What springs forth from Campion’s narrative is a revolving door of power imbalance between Peter and Phil. Campion sets a gentle pace through their story, crafting an intensely lived-in environment that is both familiar and entirely of another world. Campion makes time for us to observe this world in all of its strange eternity; she labours over images of rope construction, bull castration and backyard hula-hooping. So entangled within the subtle complexities of this world and so consumed by the surface level behaviour of each character, it’s easy to overlook the underhanded subtext of the piece. Cumberbatch plays Phil as a tyrannous zealot, but when he speaks of his lost friend Bronco Henry we see pain and vulnerability creeping at the edges of him. On the flip side of the coin, Smit-McPhee plays Peter as a timid mummy’s boy, but when he effortlessly snaps the neck of a rabbit, we see an unfeeling kind of cruelty bubble to the surface. Campion explores the duality of their characters, reversing their roles by playing kindness, humility and fragility against anger, cunning and pain. As the picture unfolds, it becomes clear that Phil and Peter are opposites. However, when they look at the hills, they see the same image staring back.

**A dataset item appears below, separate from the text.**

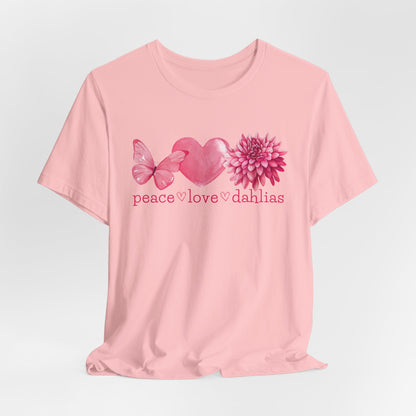 Peace Love Dahlias T-Shirt - Pink Butterfly Heart Floral Tee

Cumberbatch keeps Campion’s narrative on its toes, bringing with him an uneasy sense of violence that threatens to explode during any conversation. His characterisation does, however, often feel heavy-handed: his all too noticeable southern drawl and repressed Britishisms making the actor appear a little too big for his cowboy boots. Kristen Dunst brings a female perspective to the male-dominated world and plays a desperate fragility with her usual accomplished finesse; however, she’s given little else to do other than fret and descend into anxiety-driven alcoholism. Eventually, her character starts to feel little more than one note. Plemons, too, is drastically underused: his presence in the film’s first act sets up a story of yin and yang brotherhood, but once Campion begins to flesh out the polarity between Peter and Phil, he slips uselessly into the background.
Campion’s unyielding eye for the natural world matched with her effortless use of symbolism and sensuality make The Power of the Dog an all-encompassing watch. Johnny Greenwood’s score aids the eerie unknowability of the landscape and characters, and Ari Wegner’s detailed cinematography allows us to feel the dirt under our fingernails. As a whole, the film moves to unpack the wreckage men inflict when they find themselves outplayed and overpowered in the world of their own creation.